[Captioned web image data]
=== Begin Enclosure ===

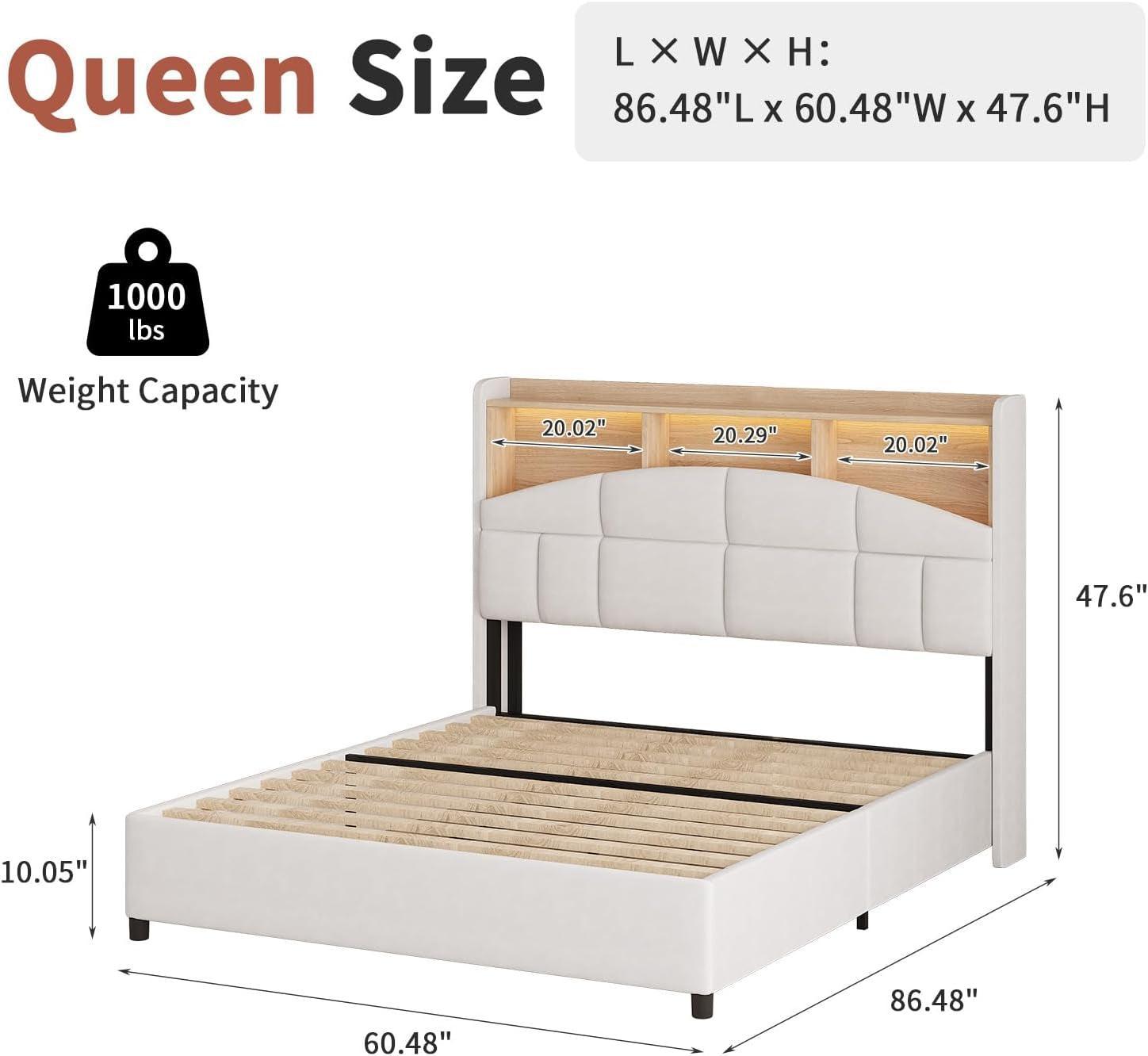 Queen Size Velvet Upholstered Bed Frame With Storage
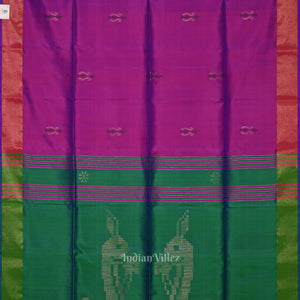 Purple Green Pure Bishnupuri Silk Saree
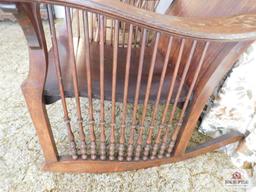 Fancy bentwood rocker w/mother of pearl inlay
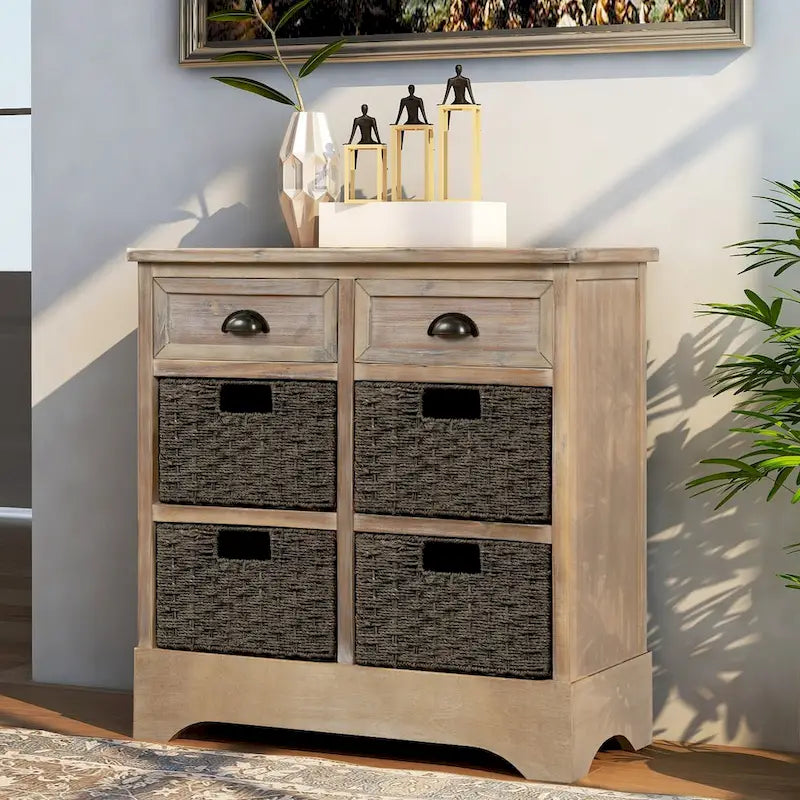 Meuble de rangement 2 tiroirs 4 paniers en rotin – Bleu marine vieilli / Gris-brun / Espresso / Blanc délavé / Blanc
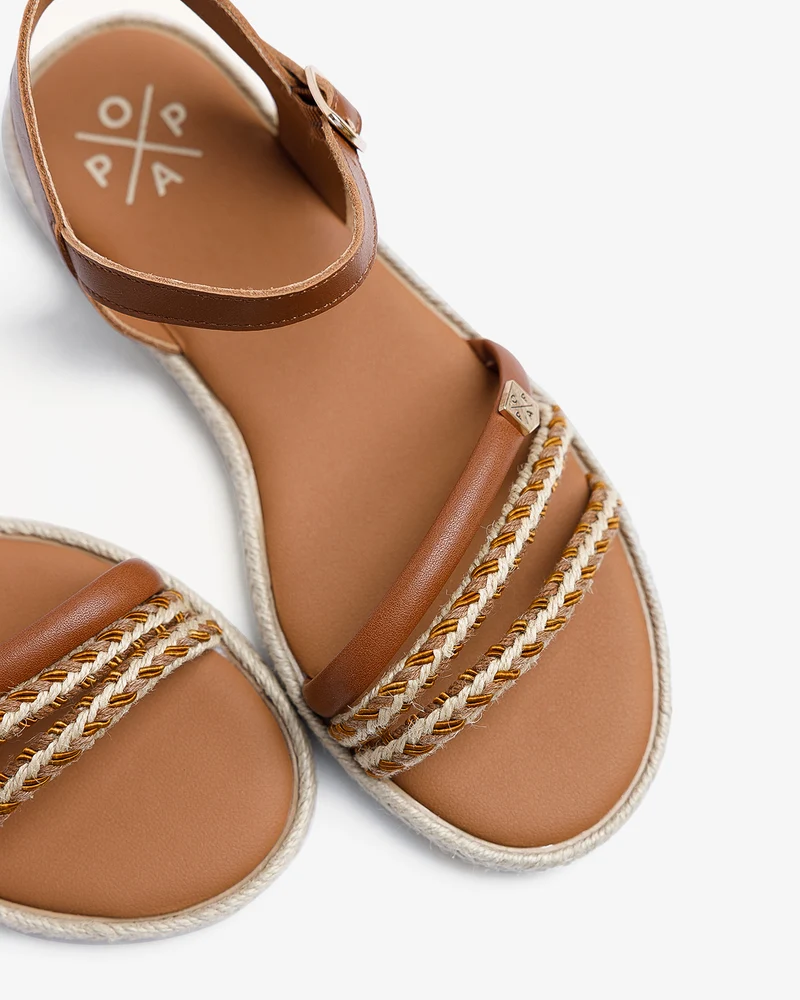 Sandalia Riazor Cuero Yute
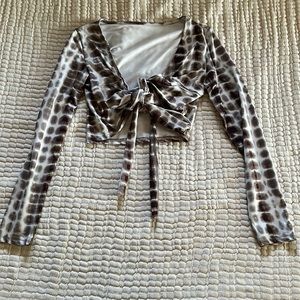 long sleeve front tie top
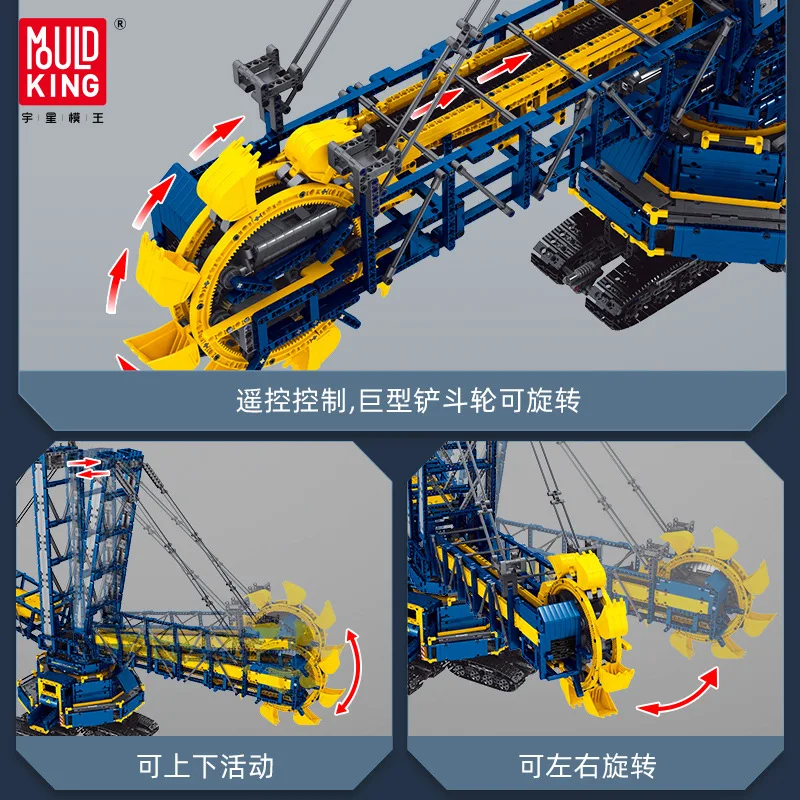 Moukd King 17006 High-Tech APP RC Motorized Bucket Wheel Excavator Model Building Blocks Bricks Diy Toys Kids Christmas Gifts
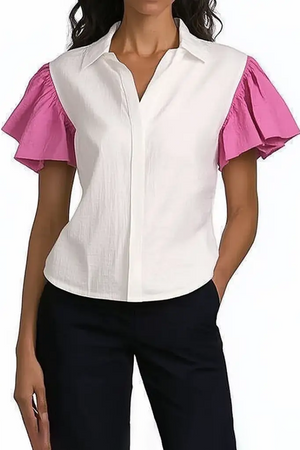 Basic Casual Top Shirt Collar White Ruffle Short Sleeve Top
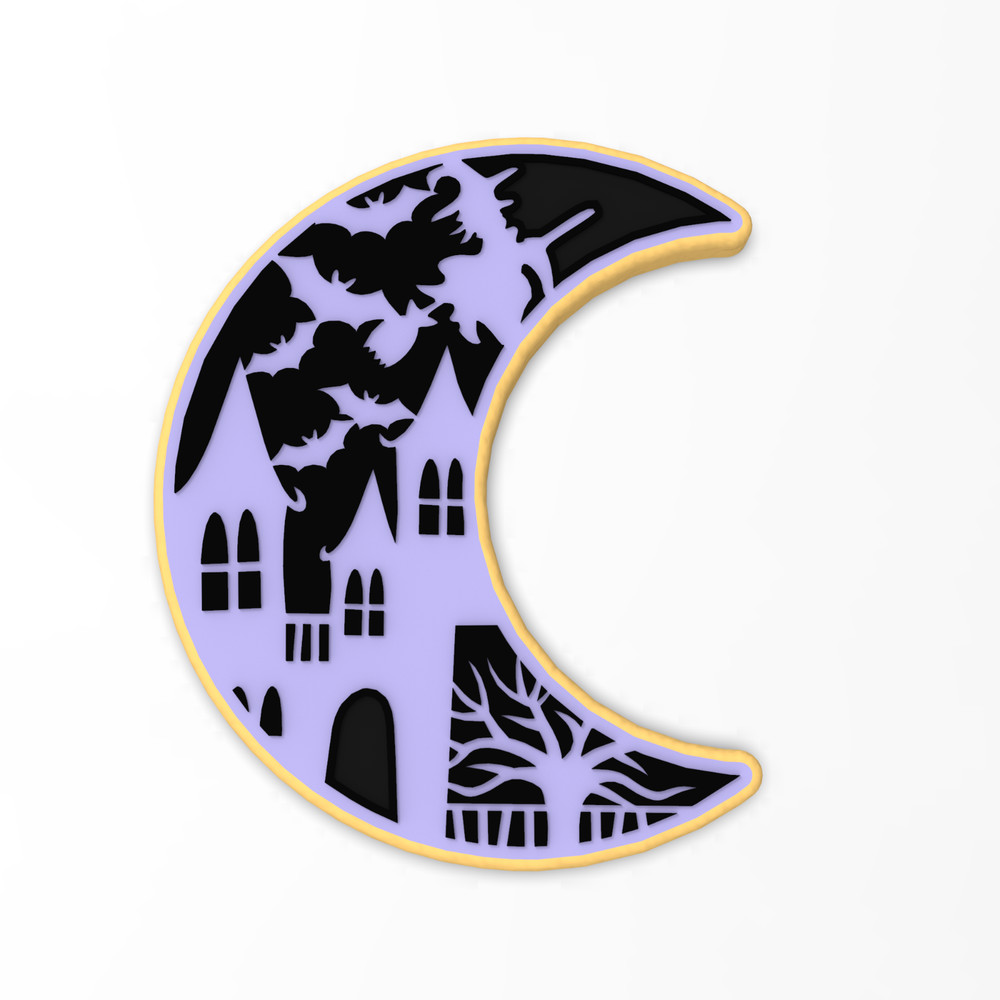 Halloween Moon Cookie Cutter & Stamp #1 | Shadow October Witch Haunted Scary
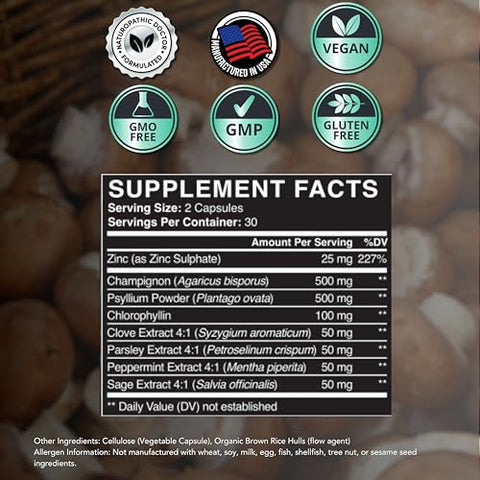 Zenmen - Eliminador Natural de Odor Corporal – Pílulas de Clorofila com Zinco, Champignon, Fibra de Psyllium – Testado por Terceiros, 60 Cápsulas Veganas. Fabricado nos EUA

=== End Enclosure ===

### How to complete this task
Set down, exactly as written above, each line from the one with "Fancy bentwood rocker" through the one with "Basic Casual Top", and skip the pictures.

### Exercise answer
 Fancy bentwood rocker w/mother of pearl inlay
 Meuble de rangement 2 tiroirs 4 paniers en rotin – Bleu marine vieilli / Gris-brun / Espresso / Blanc délavé / Blanc
 Sandalia Riazor Cuero Yute
 long sleeve front tie top
 Moukd King 17006 High-Tech APP RC Motorized Bucket Wheel Excavator Model Building Blocks Bricks Diy Toys Kids Christmas Gifts
 Basic Casual Top Shirt Collar White Ruffle Short Sleeve Top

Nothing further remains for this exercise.